Introduction
Human parsing and pose estimation are two challenging tasks for human body configuration analysis, and these two tasks are highly correlated and could provide beneficial clues for each other. Human pose can offer structure information for body part segmentation and labeling, while human parsing can facilitate localizing body joints.
However, existing methods usually train the task-specific models separately and leverage the guidance information for post-processing.
This paper proposes a novel Mutual Learning to Adapt (MuLA) model to exploit mutual guidance information between human parsing and pose estimation in both training and inference phases. This model:
- Introduce a learning to adapt mechanism where the guidance inforamtion from one task can be transffered to modify model parameters for the other parallel task.

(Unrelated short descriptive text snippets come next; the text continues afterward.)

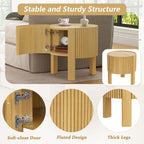 Natural Wood Round Fluted Side Table, Boho end Tables Living Room, Decorative Accent Table for entryway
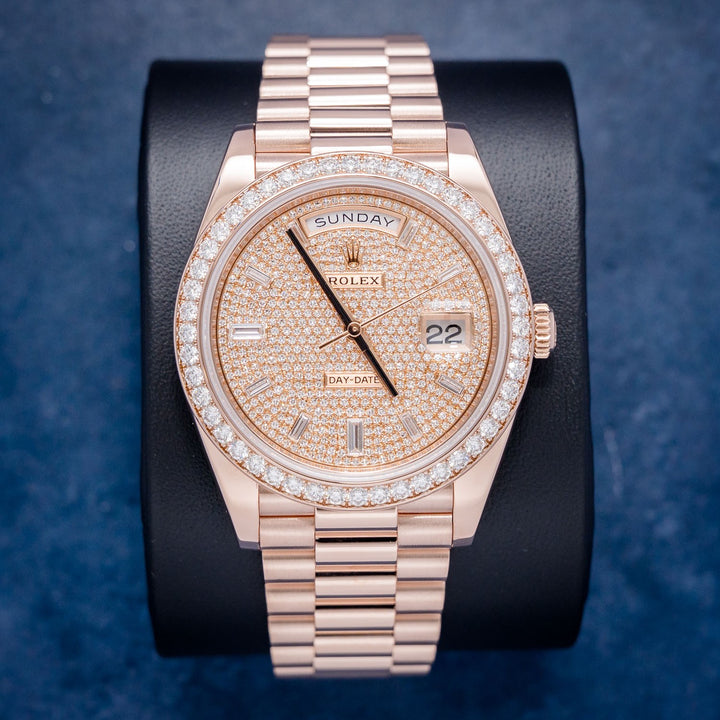 Rolex Day-Date 228345RBR Rose Gold Pave Diamond Dial – front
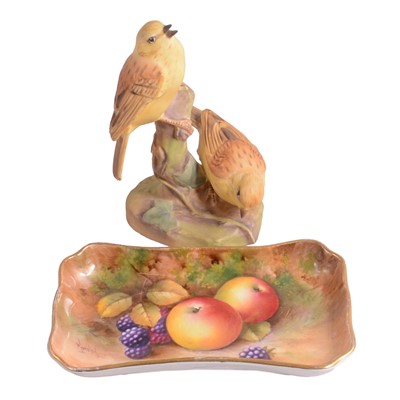 Lot 14 - Royal Worcester, a painted fruit dish by Moseley, and a figurine of Yellow Hammers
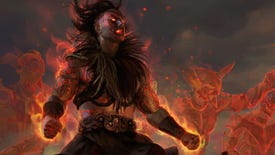 Key art from Path Of Exile 2 showing a character on fire with magical power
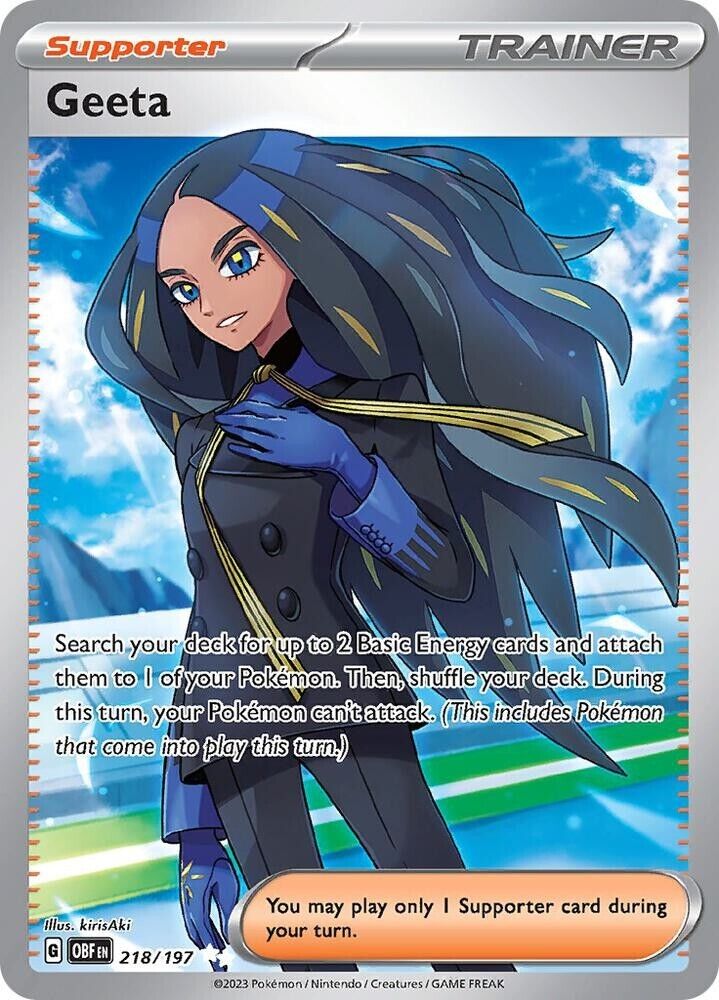 Pokemon Geeta 218/197 Obsidian Flames Ultra Rare Holo NM Trainer supporter PKM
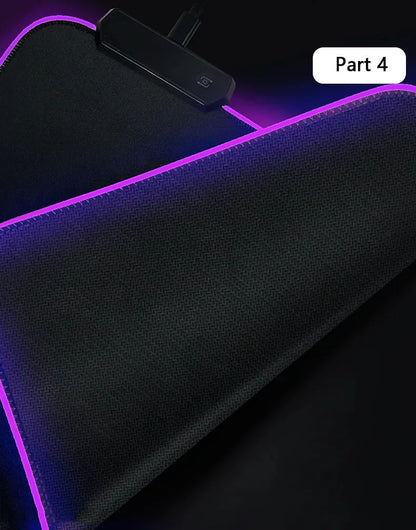 RGB LED Gaming Mouse Pad | 10+ Color Modes | Desk Setup Accessory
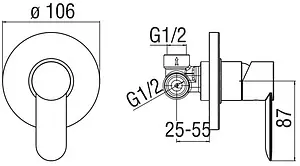 Смеситель для душа скрытого монтажа Nobili Sand хром SA99108CR Смеситель для душа скрытого монтажа Nobili Sand хром SA99108CR, 2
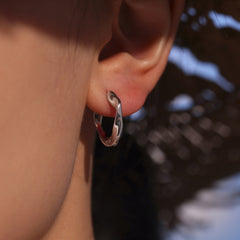 Twisted Stainless Steel Hoop Earrings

- Capable of recurrently performing model adaptation and continously refining both models
Model
Given the notations:
$I\in R^{H\times W\times 3}$: an RGB image with height H and width W
$S={s_i}_{i=1}^{H\times W}$: the human parsing result of I, where $s_i\in{0,\dots,P}$ is the semantic part label of the $i$th pixel and $P$ is the total number of semantic part categories (0 represents the background category)
$J = {(x_i, y_i)}_{i=1}^N$: the body joint locations of the human instance in I, where $(x_i, y_i)$ represents the spatial coordinates of $i$th body joints and $N$ is the number of joint categories.
The proposed MuLA aims at simulataneously predicting human parsing $S$ and pose $J$ via fully expoliting their mutual benefits.
And it can be formulated as following recurrent learning process:
$$
\begin{gather}
S^{(t)}= g_{[\psi^{(t)}, \psi_^{(t)}]}(F_S^{(t)}),\ \text{where}\ \psi_^{(t)}=h’(F_J^{(t)},\hat{J}) \
J^{(t)}= g_{[\phi^{(t)}, \phi_^{(t)}]}(F_J^{(t)}),\ \text{where}\ \phi_^{(t)}=h’(F_S^{(t)},\hat{S}) \ \tag{1} \label{eq1}
\end{gather}
$$
$t$: the iteration index
$g_{[\psi^{(t)}, \psi_^{(t)}]}(\cdot), g_{[\phi^{(t)}, \phi_^{(t)}]}(\cdot)$: the parsing and pose model respectively
$\psi_*, \phi_*$: parameters adaptable to the other task
$F_S^{(t)}, F_J^{(t)}$: the extracted features for parsing and pose prediction, $F_S^{(1)}=F_J^{(1)}= I$
$h’(\cdot, \cdot), g’(\cdot, \cdot)$: the adpating functions
$\hat{S},\hat{J}$: the parsing and pose annotations for I
The proposed MuLA model includes three components:
- A representation encoding module
- A mutual adaptation module
- A classification module
Representation Encoding Module
The representation encoding module consists of two encoders $E_{\psi_e^{(t)}}^S(\cdot)$ and $E_{\phi_e^{(t)}}^J(\cdot)$ for transforming $F_S^{(t)}$ and $F_J^{(t)}$ into high-level preliminary representaion $R_S^{(t)}$ and $R_J^{(t)}$ for human parsing and pose estimation.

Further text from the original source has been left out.